Anapest would be, duh duh DUH. I remember the word Tennessee as being an anapest.
“I like rocks, and I like rocks, of some size.” It’s quite beautiful to hear that common speech from people.
You’ve been writing about New Hampshire in your books for years. What do you think it is about New Hampshire that makes it such fertile ground for storytelling?
Well, I don’t know. I think I’m mildly agoraphobic. When I leave New Hampshire, I feel unsettled. When I was in graduate school at Stanford—you’d think that Stanford would be this great place and California would be this warm, sunny place. All I could feel was homesickness. There was an ache to it.

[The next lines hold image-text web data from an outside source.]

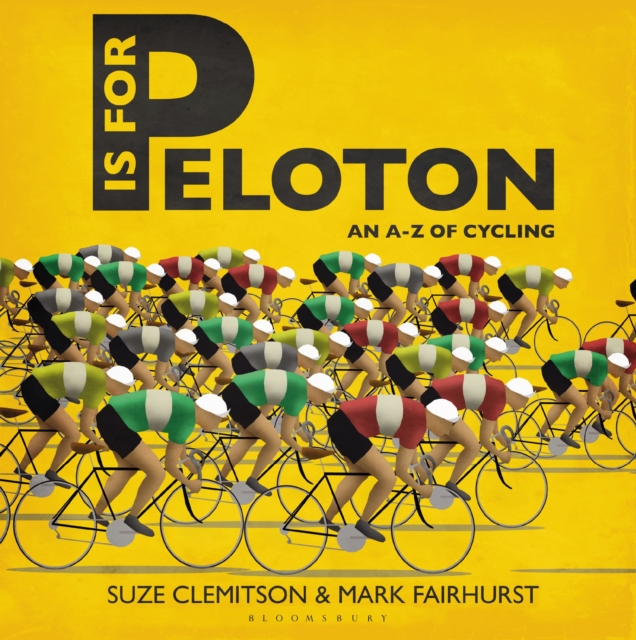 P is for Peloton : The A-Z of Cycling, Hardback Book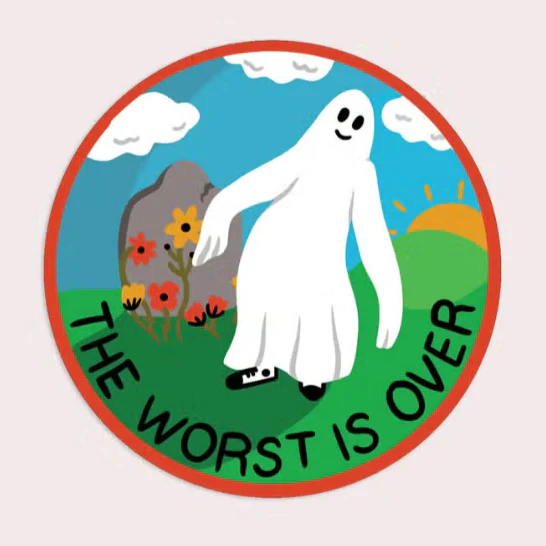 The Worst Is Over Vinyl Sticker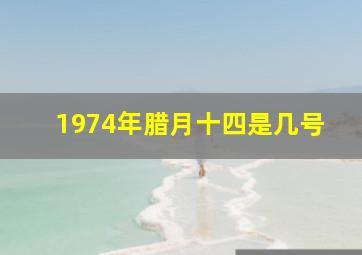 1974年腊月十四是几号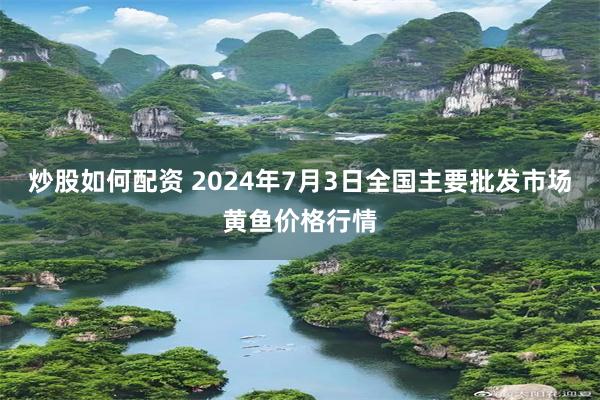 炒股如何配资 2024年7月3日全国主要批发市场黄鱼价格行情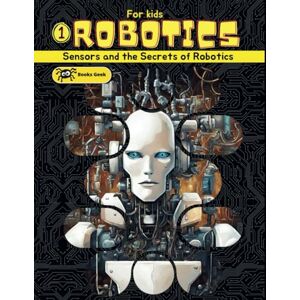 BOOKSGEEK Robotics for Kids: book about robotics for kids, explain for kids robots, artificial intelligence and the different types of sensors in robotics. (Robotics Engineering for Kids) BOOKSGEEK Robotics for Kids: book about robotics for kids, explain for kids robots, artificial intelligence and the different types of sensors in robotics. (Robotics Engineering for Kids)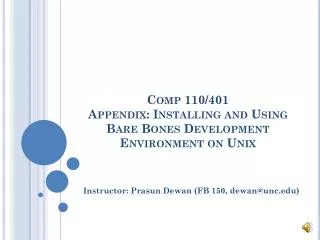 Comp 110/401 Appendix: Installing and Using Bare Bones Development Environment on Unix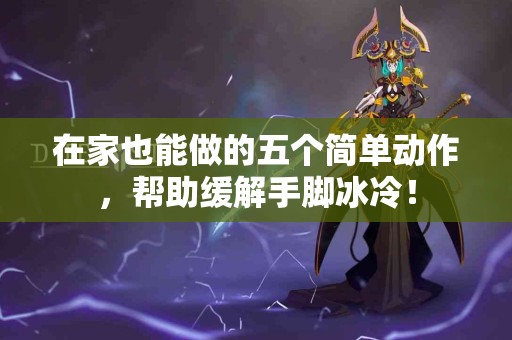 在家也能做的五个简单动作，帮助缓解手脚冰冷！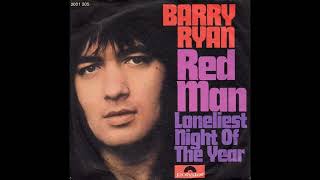 Barry Ryan - Loneliest Night Of Year - 1971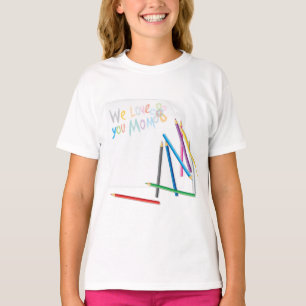 We Love You Mom Hand-Drawn Crayon Art T-Shirt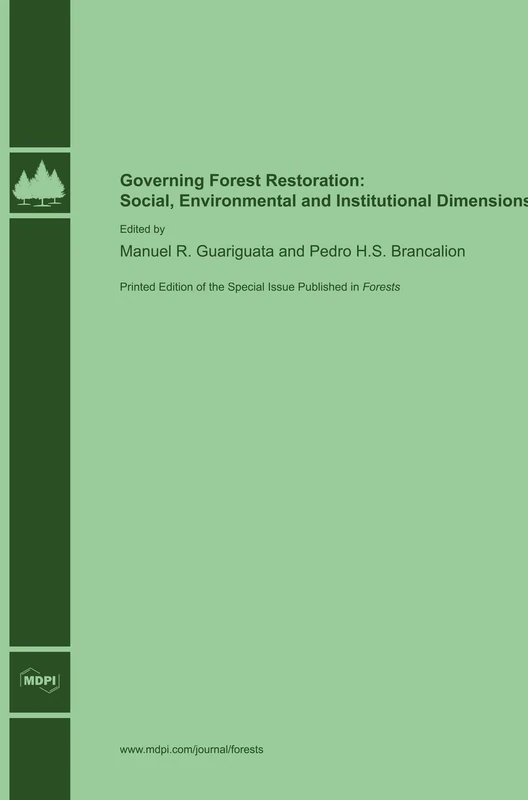 Governing Forest Restoration: Social, Environmental and Institutional Dimensions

You’ve written this book of poetry. Are you still writing prose?
I am. I have two projects I’m working on now. But I don’t know if I’m going to try to publish them, or if I’ll even finish them before I kick the bucket. It takes me a long time to write a book.
I write fast. I used to be a newspaper reporter. I can knock it out. But to get it right, time has to go by. I work literally all day. I write and I draw and I write and I draw. I don’t want to do anything else. I don’t want to travel. I have no hobbies. I just want to do what I want to do until they take me away.
Ernest Hebert's Top Five Reading Recommendations
1. Postcards by Annie Proulx. “Annie Proulx is my favorite living writer. Postcards was her first novel. It's a story of decline. Her next novel, The Shipping News, which has a similar track as Postcards, is a story of ascendancy. A stroke of good (or bad) luck can make a life.”
2. A Reckoning by May Sarton. “When I was coming of age as a writer in the 1970s I wanted to write about the secret interior life that almost all of us lead and that often comes into conflict with our day-to-day life. A Reckoning showed me the way.”
3. The One-Way Bridge by Cathie Pelletier. “I loved this book, because I recognized the characters, so North Country in their sensibility, good people, but stubborn and contrary to a fault.”
4. Continental Drift by Russell Banks. “This is my candidate for the best novel of the 20th Century.”
5. More Spit Than Polish by Florence Tolman. “This is a memoir by a Nelson, New Hampshire woman writing about her mother-in-law, Sarah ‘Sadie’ Tolman, how one woman's savvy and spirit transformed a small, New Hampshire hill town. I have a soft spot in my heart for this town, because three of its people, Newt Tolman, May Sarton and Lael Wertenbaker, were mentors to me. It was Sadie who created the conditions to bring a literary flowering to Nelson, and Florence ‘Floppy’ Tolman who told the story.”